We moved to San Simeon where our little acre of the Sonoran Desert has become our domain. Thanks to the desert climate, we get plenty of opportunity to sit outside and contemplate nature. In my time as a lord of a manor, I have noticed how infinitely enjoyable it is to sit outside and watch things grow, listen to bird calls, and watch bugs fly and lizards do push-ups. Sitting inside for the same amount of time, even inside an attractively appointed space, is just staring at walls.

Ever wonder why we long to look out windows, and rarely in?
Looking out front, Terra Bella.
The illustrative story that comes to mind is from Terra Bella. Not long after we bought and fixed up our five acres on Whidbey, we invited my family for a day visit. It turned out to be one of those precious sunny days for which Puget Sound is justly famous. Inside the house, the conversation awkwardly turned to tape recordings. That is, the "same old, same old" subjects of conversation that dominated family dialogue for decades. It occurred to me to move the party outside onto the lawn. So we laid out picnic blankets on the parked-out acreage in front. People sat and relaxed. The need diminished to have to say something to keep a conversation going. Silence was not awkward. It was natural. And if someone did say something, it was relevant.

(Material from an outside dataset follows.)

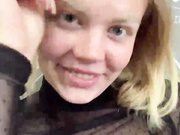 mariannaa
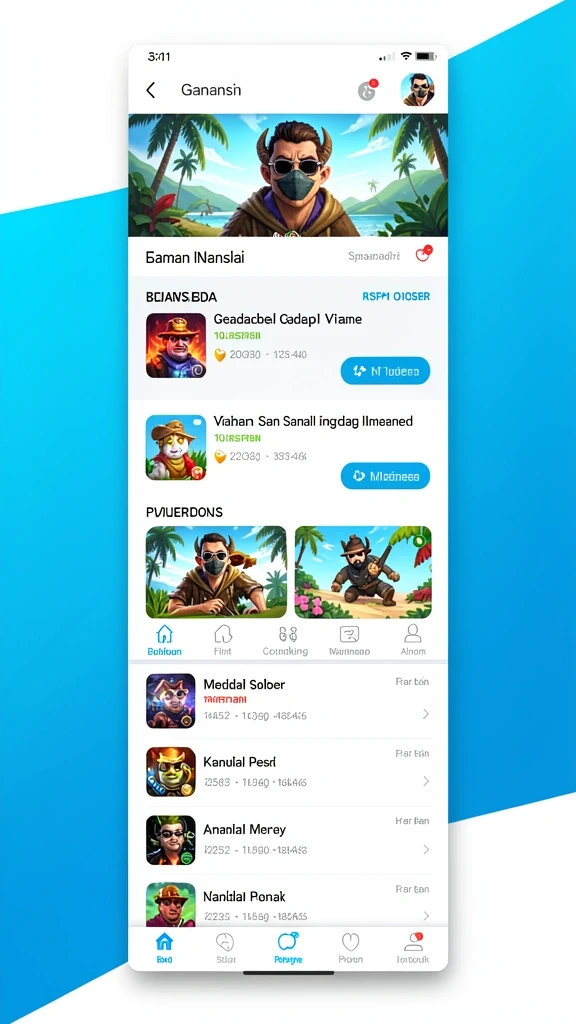 Screenshot slot88 nomor 2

Gardening is working to evoke nature's beauty and abundance. For good reason, it is the most popular hobby. Gardening is a metaphor for everything in life. I wonder why we as a society have not learned good stewardship from gardening.

My idea of a nice living room.

Thursday, June 9, 2016

Bed Number Four

Concrete to build up the low end. This is the area where,
the following weekend, I dug a post hole through a
cowboy concrete foundation.
I had forgotten how much work went into the three raised beds in our garden. I remembered over Memorial Day weekend. A lot.

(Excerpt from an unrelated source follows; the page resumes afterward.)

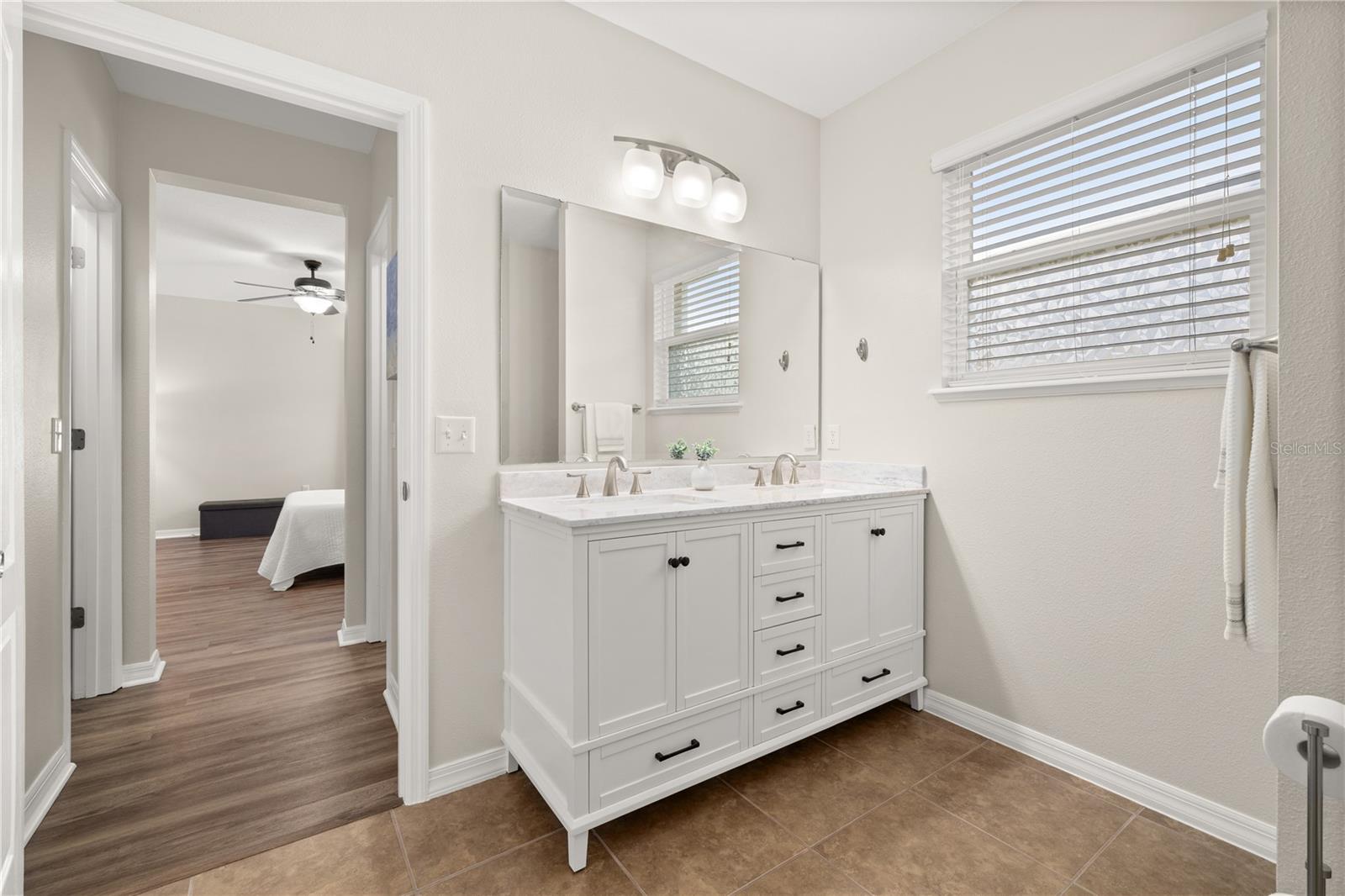 SERENO PH 01 - Residential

We now have a fourth bed. It's just like the other three: parallel with them, but staggered a bit to the south.

It took a day and two runs in Smoke Ganesha, our Ford Explorer, to collect some seventy concrete blocks, thirty concrete caps, six sacks of concrete and four sacks of gravel. I was exhausted just loading them in the car, then unloading and piling them up in the garden next to the chosen location. A total of about a ton and a quarter, but Ganesha's tires held up.

It took all of the long weekend to build the bed. A day to lay the lines and dig the trench. (Can you spell, c-a-l-i-c-h-e?) That included sifting the dirt for small rocks which I treasure because they make great material for the paths in the gully.

Day Two was spent figuring out what was level, building up the lower end with concrete, then laying the blocks. Liquid Nails is good stuff. Then off to the local dump cum garden dirt place to stock up on twenty-five bags of, well, garden soil. 

Memorial Day we dug inside the bed to sift more dirt, then turn it over and mix it with the bagged soil. We needed more soil. Off to the mega hardware store for another fifteen bags. Mixed them in with the sifted dirt from the original trench dig. Of all the stuff we bought to make this fourth bed, the garden soil was the biggest expense by far.

Of course, writing about a day's work merits a little explanation. It means no more than six hours in the early morning. For one, it gets hot. For another, I'm no spring chicken. I get tired to the point where I can't think too straight. For the life of me, I couldn't figure out how I had the stamina to build the first three beds, except it was easier to have a truck deliver two yards of garden soil than buying forty bags worth.

Shari planted tomatoes, draping shade cloth over them to afford some protection from the relentless afternoon sun and hundred degree plus heat.

New, fourth bed canopy frame completed,
with two connections to the existing
three-bed canopy frame.
We had to build shade. That was this last weekend. Another trip to the mega hardware store to stock up on twenty foot long boards, treated 4x4 posts, angle brackets, curtain hooks, shade fabric, rope, and screws. I had enough energy left to paint all the boards and cut the smaller ones to size in anticipation of the great erection.

Next day I had to dig two post holes, one on each end of the bed. First was an easy sixteen inches through relatively soft dirt. I was about to plant the post in concrete when it occurred to me that I'd better dig the second post hole before I committed to anything.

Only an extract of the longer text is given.